Hon. G. Heyman: Clearly, it might make sense that there be a more formal relationship, but the decision to establish the foundation under the Societies Act was one made by the previous government. That in fact took place. They are now governed by the Societies Act.
It’s inappropriate for government or the ministry to interfere with the operations of an independent society. The only constraint would be if they failed to meet their legal obligations under the Societies Act. Having said that, the functional relationship is good. There is communication.
Obviously, I think, at this point, the foundation and the ministry understand that things will work best when the objectives are aligned. I think the foundation understands that acquisitions that they are considering make the most sense if they’re aligned with the objectives of B.C. Parks.
J. Sturdy: Is the minister aware if there are any acquisitions that are being considered?
Hon. G. Heyman: I understand why the member has an interest, but it would be inappropriate for us to comment on the internal considerations of the independent society. There are all kinds of reasons why we should be cautious about doing that.
J. Sturdy: I understood that ongoing revenue generated from licence plates, at least in part, was to be going to the foundation. Is that an accurate recollection, in my case?
Hon.

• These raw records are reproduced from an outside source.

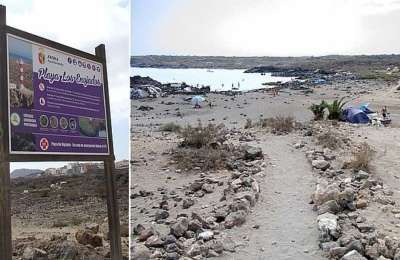 A fire on a beach in the south of Tenerife leaves one person injured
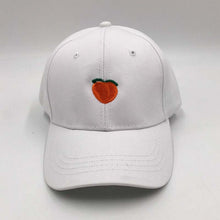 Load image into Gallery viewer, Peach Emblem - Baseball Cap - Black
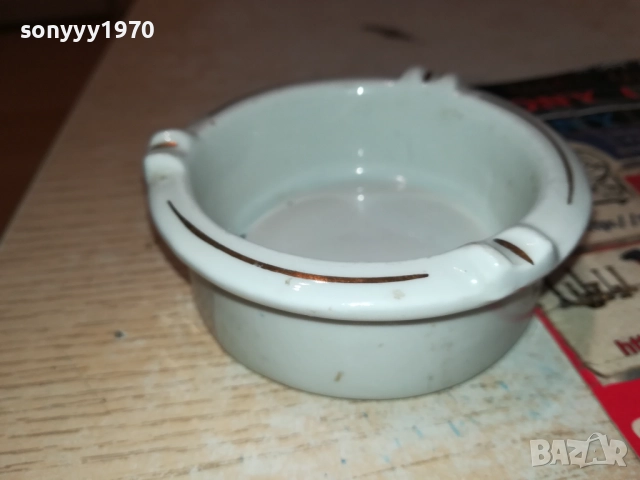 ПОРЦЕЛАНОВ ПЕПЕЛНИК 1210251134, снимка 9 - Колекции - 52025462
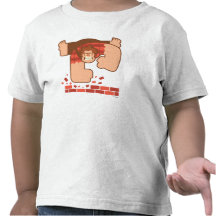Wreck it Ralph Pounding Bricks Tshirt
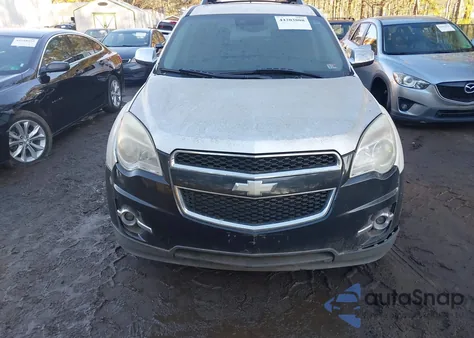 2013 Chevrolet Equinox Ltz из США, поврежденный, VIN 1GNFLGEKXDZ123723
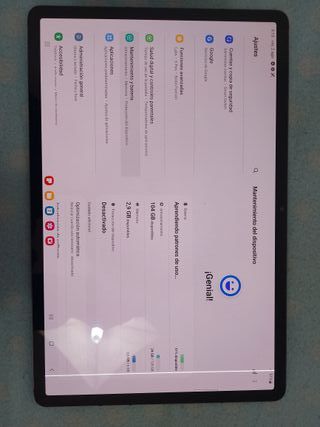 Samsung Galaxy Tab S7+ Negro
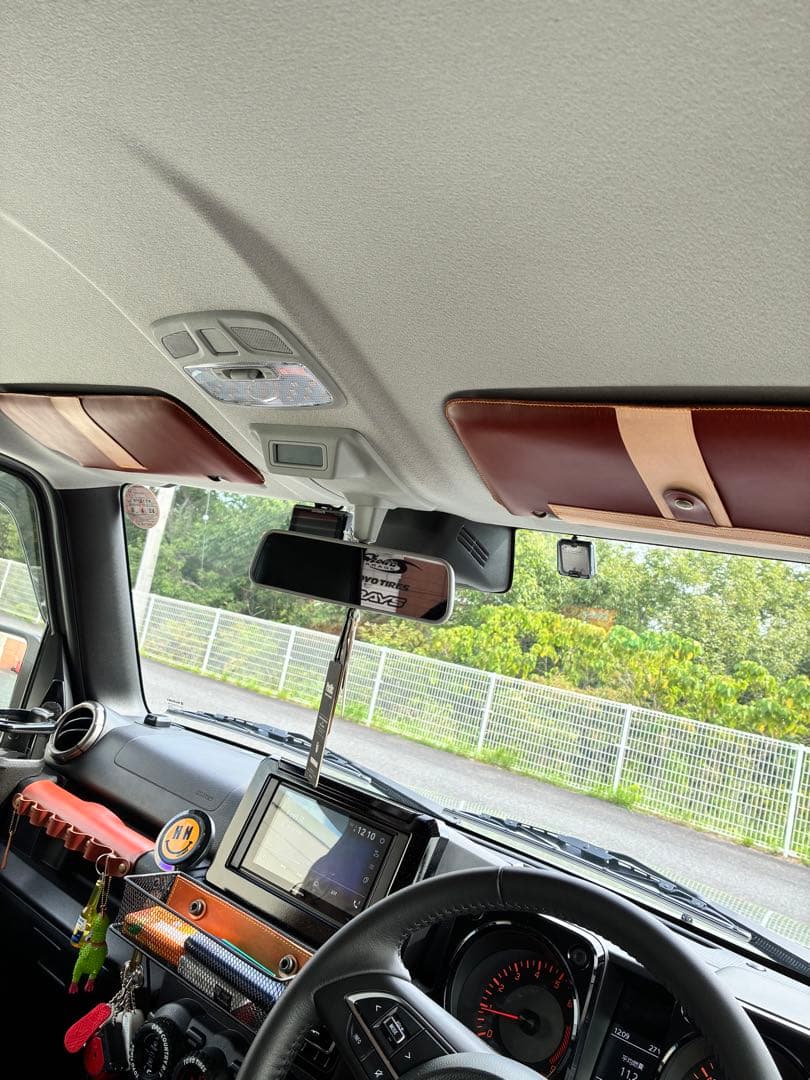 ジムニー jb64 シエラ jb74 ノマドjc74 レザー グッズ セット ①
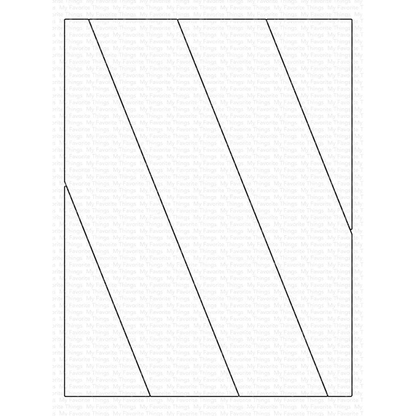 Slanted Stripes Cover-Up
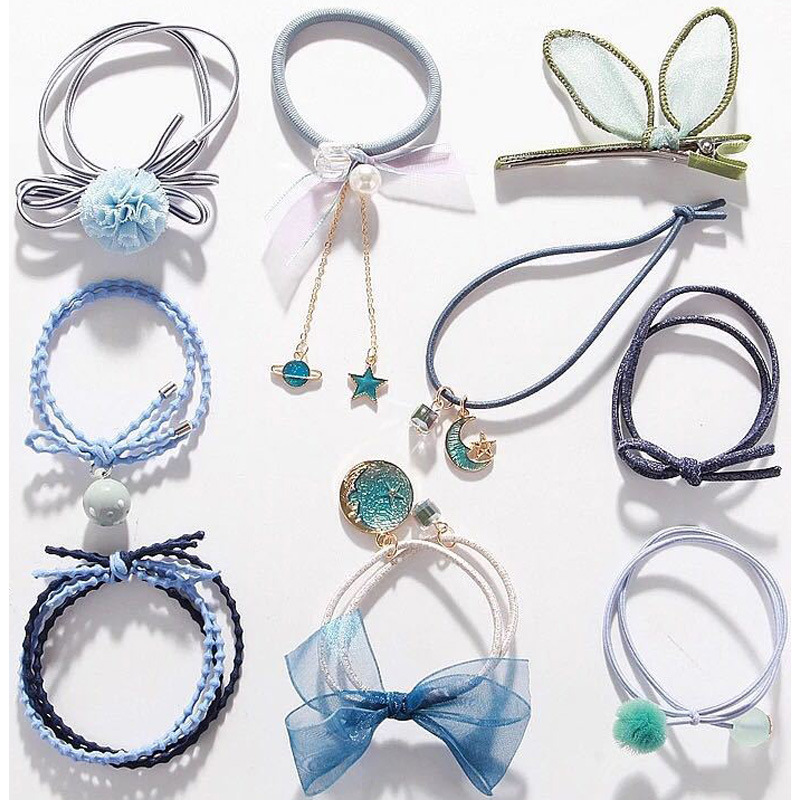 Embroidery Ribbon - Cielo stellato testa corda ricamo femminile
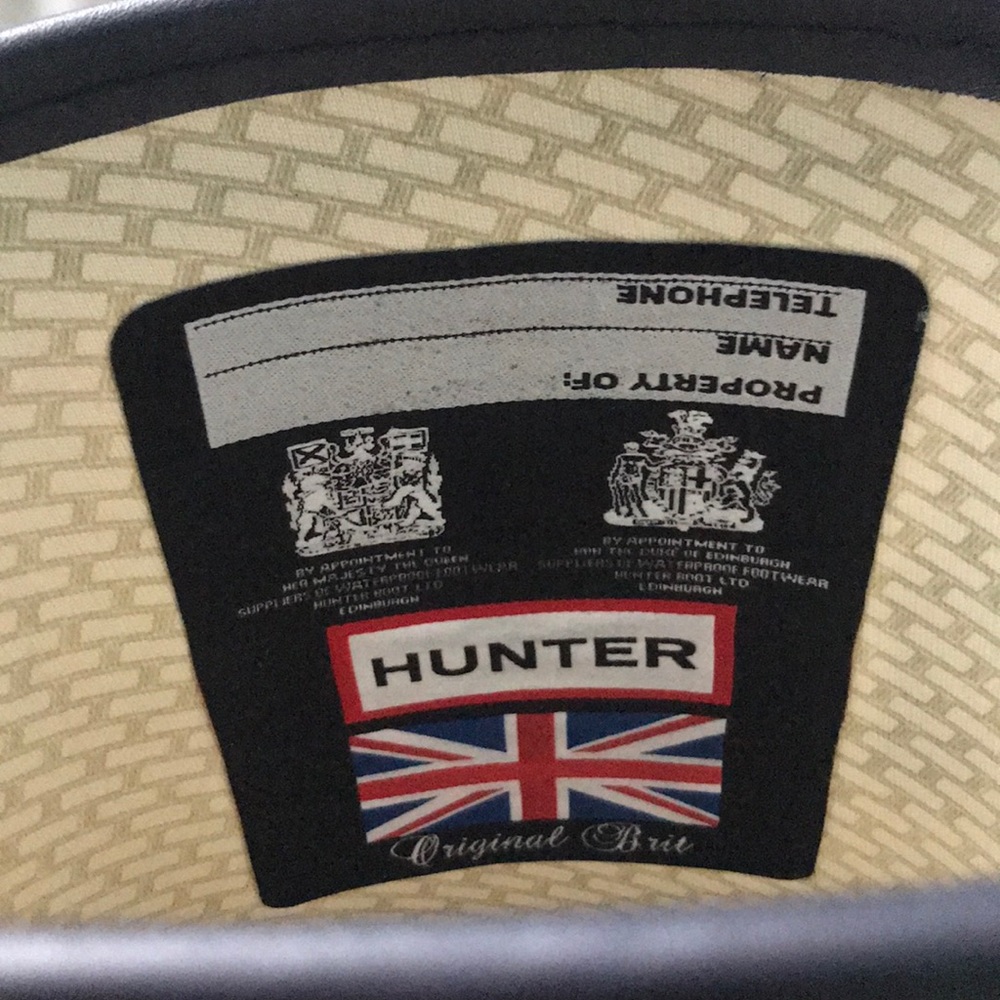 union jack hunter boots size 6 - Picture 2 of 4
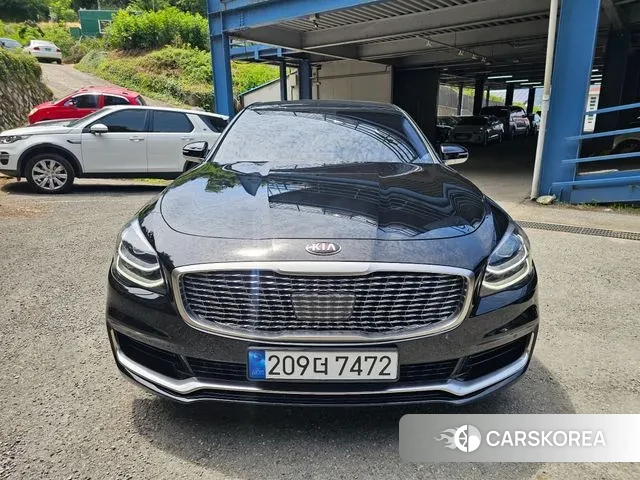 Kia More K9 2018 Черный из Кореи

G. Heyman: The licence plate revenue goes to the park enhancement fund, not the Parks Foundation.
J. Sturdy: Perhaps, then, we could go into that a little bit. I understand that, certainly last year, the sales of those licence plates were far in excess of what was anticipated. Is there any more current data, in terms of what those sales have been, what they remain, and what they’re forecasted to be, going forward?
Hon. G. Heyman: The original projection of licence plate sales, over a five-year period, was 35,000. The very successful licence plate program has already sold 90,000 plates in just a little over one year. The revenue from April 1, 2017, through to the end of January 31 was $2.9 million, but we don’t have the figures for the full fiscal year yet.
The projection in the budget is, gross, $5.8 million in 2018-19. We can’t give you an exact net, because there’s a difference in the amount that is received from the first plate and subsequent plate sales. So it’s a little less than precise, but I think the bottom line, as I’m sure the member will agree, is that it’s a wildly successful program.
J. Sturdy: Yes, I certainly will. I have one myself. Naturally, I have one for my own region. I’ve got to push Porteau Cove, you know. Well, thank you for that update. That’s exciting.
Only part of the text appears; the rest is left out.